DATA EXTRACT:
------

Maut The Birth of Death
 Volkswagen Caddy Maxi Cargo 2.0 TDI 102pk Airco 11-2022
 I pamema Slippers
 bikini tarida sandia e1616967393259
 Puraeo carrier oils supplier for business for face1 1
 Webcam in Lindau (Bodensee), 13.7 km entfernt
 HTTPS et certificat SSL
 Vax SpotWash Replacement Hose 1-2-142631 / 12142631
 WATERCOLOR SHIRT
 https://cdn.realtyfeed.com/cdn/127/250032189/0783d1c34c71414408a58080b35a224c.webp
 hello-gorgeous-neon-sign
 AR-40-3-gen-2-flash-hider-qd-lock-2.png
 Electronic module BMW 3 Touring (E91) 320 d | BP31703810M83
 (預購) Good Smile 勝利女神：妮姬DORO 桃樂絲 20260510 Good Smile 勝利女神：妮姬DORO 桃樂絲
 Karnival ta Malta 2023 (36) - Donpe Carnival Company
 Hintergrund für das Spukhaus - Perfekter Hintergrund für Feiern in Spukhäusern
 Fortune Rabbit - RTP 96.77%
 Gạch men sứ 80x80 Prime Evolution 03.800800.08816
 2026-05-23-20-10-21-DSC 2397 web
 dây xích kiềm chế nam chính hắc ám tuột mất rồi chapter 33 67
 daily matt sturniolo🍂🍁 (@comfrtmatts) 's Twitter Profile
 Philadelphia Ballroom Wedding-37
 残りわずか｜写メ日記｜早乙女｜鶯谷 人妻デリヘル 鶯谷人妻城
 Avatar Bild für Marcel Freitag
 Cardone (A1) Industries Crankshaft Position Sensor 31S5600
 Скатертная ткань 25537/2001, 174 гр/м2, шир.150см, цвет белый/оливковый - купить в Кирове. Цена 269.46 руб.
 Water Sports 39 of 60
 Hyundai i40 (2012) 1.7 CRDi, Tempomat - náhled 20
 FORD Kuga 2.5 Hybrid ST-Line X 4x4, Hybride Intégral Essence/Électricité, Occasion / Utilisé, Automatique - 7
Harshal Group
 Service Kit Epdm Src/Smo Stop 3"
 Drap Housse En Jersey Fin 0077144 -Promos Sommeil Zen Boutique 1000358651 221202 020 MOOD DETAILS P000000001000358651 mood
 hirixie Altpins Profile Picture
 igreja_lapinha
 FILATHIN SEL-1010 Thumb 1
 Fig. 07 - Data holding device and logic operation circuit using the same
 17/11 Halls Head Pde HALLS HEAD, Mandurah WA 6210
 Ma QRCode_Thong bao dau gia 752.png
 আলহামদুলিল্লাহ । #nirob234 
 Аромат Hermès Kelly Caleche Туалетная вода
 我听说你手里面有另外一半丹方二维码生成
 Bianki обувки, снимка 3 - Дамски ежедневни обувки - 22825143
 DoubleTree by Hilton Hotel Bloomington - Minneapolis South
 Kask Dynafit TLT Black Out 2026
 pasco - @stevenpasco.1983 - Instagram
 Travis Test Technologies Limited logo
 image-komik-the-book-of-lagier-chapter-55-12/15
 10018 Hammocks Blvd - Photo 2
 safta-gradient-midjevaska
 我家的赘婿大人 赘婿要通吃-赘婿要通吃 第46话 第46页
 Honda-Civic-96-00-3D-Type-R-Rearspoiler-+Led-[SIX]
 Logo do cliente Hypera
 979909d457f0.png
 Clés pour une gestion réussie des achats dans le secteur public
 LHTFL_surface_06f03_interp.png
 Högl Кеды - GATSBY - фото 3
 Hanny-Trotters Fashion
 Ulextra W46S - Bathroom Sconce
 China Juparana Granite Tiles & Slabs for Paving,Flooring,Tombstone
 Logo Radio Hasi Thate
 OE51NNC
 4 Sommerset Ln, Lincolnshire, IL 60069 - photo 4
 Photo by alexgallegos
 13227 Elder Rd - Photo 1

------

TASK OBJECTIVE:
Please make the answer a complete, exact reproduction of the records.

TASK RESPONSE:
Maut The Birth of Death
 Volkswagen Caddy Maxi Cargo 2.0 TDI 102pk Airco 11-2022
 I pamema Slippers
 bikini tarida sandia e1616967393259
 Puraeo carrier oils supplier for business for face1 1
 Webcam in Lindau (Bodensee), 13.7 km entfernt
 HTTPS et certificat SSL
 Vax SpotWash Replacement Hose 1-2-142631 / 12142631
 WATERCOLOR SHIRT
 https://cdn.realtyfeed.com/cdn/127/250032189/0783d1c34c71414408a58080b35a224c.webp
 hello-gorgeous-neon-sign
 AR-40-3-gen-2-flash-hider-qd-lock-2.png
 Electronic module BMW 3 Touring (E91) 320 d | BP31703810M83
 (預購) Good Smile 勝利女神：妮姬DORO 桃樂絲 20260510 Good Smile 勝利女神：妮姬DORO 桃樂絲
 Karnival ta Malta 2023 (36) - Donpe Carnival Company
 Hintergrund für das Spukhaus - Perfekter Hintergrund für Feiern in Spukhäusern
 Fortune Rabbit - RTP 96.77%
 Gạch men sứ 80x80 Prime Evolution 03.800800.08816
 2026-05-23-20-10-21-DSC 2397 web
 dây xích kiềm chế nam chính hắc ám tuột mất rồi chapter 33 67
 daily matt sturniolo🍂🍁 (@comfrtmatts) 's Twitter Profile
 Philadelphia Ballroom Wedding-37
 残りわずか｜写メ日記｜早乙女｜鶯谷 人妻デリヘル 鶯谷人妻城
 Avatar Bild für Marcel Freitag
 Cardone (A1) Industries Crankshaft Position Sensor 31S5600
 Скатертная ткань 25537/2001, 174 гр/м2, шир.150см, цвет белый/оливковый - купить в Кирове. Цена 269.46 руб.
 Water Sports 39 of 60
 Hyundai i40 (2012) 1.7 CRDi, Tempomat - náhled 20
 FORD Kuga 2.5 Hybrid ST-Line X 4x4, Hybride Intégral Essence/Électricité, Occasion / Utilisé, Automatique - 7
Harshal Group
 Service Kit Epdm Src/Smo Stop 3"
 Drap Housse En Jersey Fin 0077144 -Promos Sommeil Zen Boutique 1000358651 221202 020 MOOD DETAILS P000000001000358651 mood
 hirixie Altpins Profile Picture
 igreja_lapinha
 FILATHIN SEL-1010 Thumb 1
 Fig. 07 - Data holding device and logic operation circuit using the same
 17/11 Halls Head Pde HALLS HEAD, Mandurah WA 6210
 Ma QRCode_Thong bao dau gia 752.png
 আলহামদুলিল্লাহ । #nirob234 
 Аромат Hermès Kelly Caleche Туалетная вода
 我听说你手里面有另外一半丹方二维码生成
 Bianki обувки, снимка 3 - Дамски ежедневни обувки - 22825143
 DoubleTree by Hilton Hotel Bloomington - Minneapolis South
 Kask Dynafit TLT Black Out 2026
 pasco - @stevenpasco.1983 - Instagram
 Travis Test Technologies Limited logo
 image-komik-the-book-of-lagier-chapter-55-12/15
 10018 Hammocks Blvd - Photo 2
 safta-gradient-midjevaska
 我家的赘婿大人 赘婿要通吃-赘婿要通吃 第46话 第46页
 Honda-Civic-96-00-3D-Type-R-Rearspoiler-+Led-[SIX]
 Logo do cliente Hypera
 979909d457f0.png
 Clés pour une gestion réussie des achats dans le secteur public
 LHTFL_surface_06f03_interp.png
 Högl Кеды - GATSBY - фото 3
 Hanny-Trotters Fashion
 Ulextra W46S - Bathroom Sconce
 China Juparana Granite Tiles & Slabs for Paving,Flooring,Tombstone
 Logo Radio Hasi Thate
 OE51NNC
 4 Sommerset Ln, Lincolnshire, IL 60069 - photo 4
 Photo by alexgallegos
 13227 Elder Rd - Photo 1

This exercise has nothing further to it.